All three of these see a two-fold development in our culture which is near the heart of the disintegration which threatens us: excessive individualism and secularization. It is twofold because the one leads to the other. Indeed, like malign cells in the body, they complement each other and feed off all around them. Excessive individualism has no room for the Other – and certainly no room for God. Secularism, by eliminating God, has nowhere to lead us except to worship the Self.

Scruton in his book, On Human Nature, reminds us of how Milton conjured the truth of our condition from the raw materials of Genesis, and in doing so set a standard for art which was truly human. We might add Dante, Shakespeare and Cervantes, like Milton, inheritors of the treasures of the High Middle Ages who have never been surpassed in their vision of what is is to be human and divine. Modern man and much of his literature, his philosophy, his politics, in his flight from God is a wrecker.

“Take away religion, take away philosophy, take away the higher aims of art,” Scruton writes, “and you deprive ordinary people of the ways in which they can represent their apartness. Human nature, once something to live up to, becomes something to live down to instead. Biological reductionism nurtures this ‘living down,’ which is why people so readily fall for it. It makes cynicism respectable and degeneracy chic. It abolishes our kind — and with it our kindness” (P.49).
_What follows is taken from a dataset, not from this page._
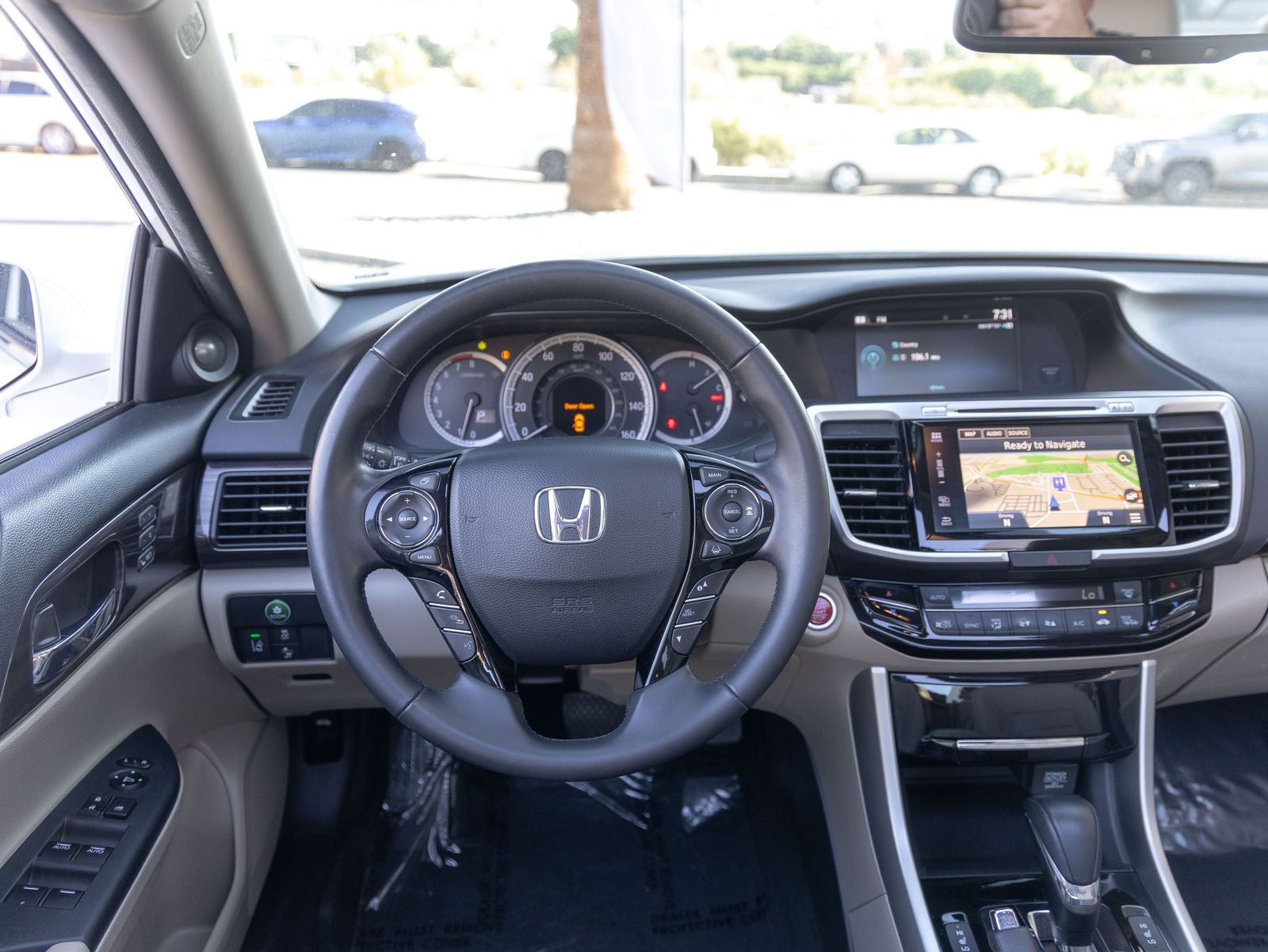2016 Honda Accord EX-L w/Navigation and Honda Sensing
Pinpointing these two maladies as key issues to be faced if our civilization is to be rescued from this regression, Vodvolaskyn traces the degeneration in this way:

“In the modern age, the individual required recognition. Faith required lack of faith so that the believer would have a choice and so that faith wouldn’t be a mere everyday habit. This train gathered speed but didn’t stop. It kept moving even after reaching its station. It now seems to have gone pretty far beyond its destination. The cult of the individual now places us outside divine and human community. The harmony in which a person once found himself with God during the Middle Ages has been destroyed, and God no longer stands at the center of the human consciousness.”
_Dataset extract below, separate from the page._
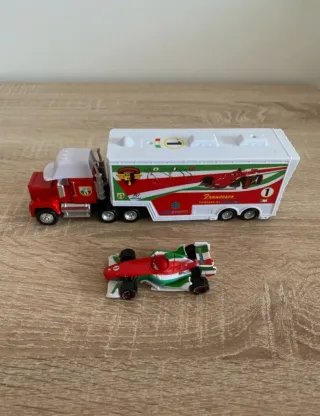 Coche y camión Cars metálico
Vodvolaskyn echoes the words of Alexander Solzhenitsyn in his famous “Warning to the West“, given after his exile from Russia.  Humanism of the modern age, the former tells us, takes it that the human being is the measure of all things. While, he says, the same could be said of the Middle Ages, there is one vital qualification. “For medieval man there was one correction: The person is the measure of all things, if it is understood that the measure was given by God.”

Roger Scruton adds that thinkers in the eighteenth century compounded the degeneration. He rightly points out that our academic political philosophy has its roots in the Enlightenment, in the conception of Citiznship that emerged with the social contract. That contract replaced inherited authority with popular choice as the principle of political legitimacy. Not surprisingly, he says, it has had little time for piety, which—if acknowledged at all—is confined to the private sphere” (P 126).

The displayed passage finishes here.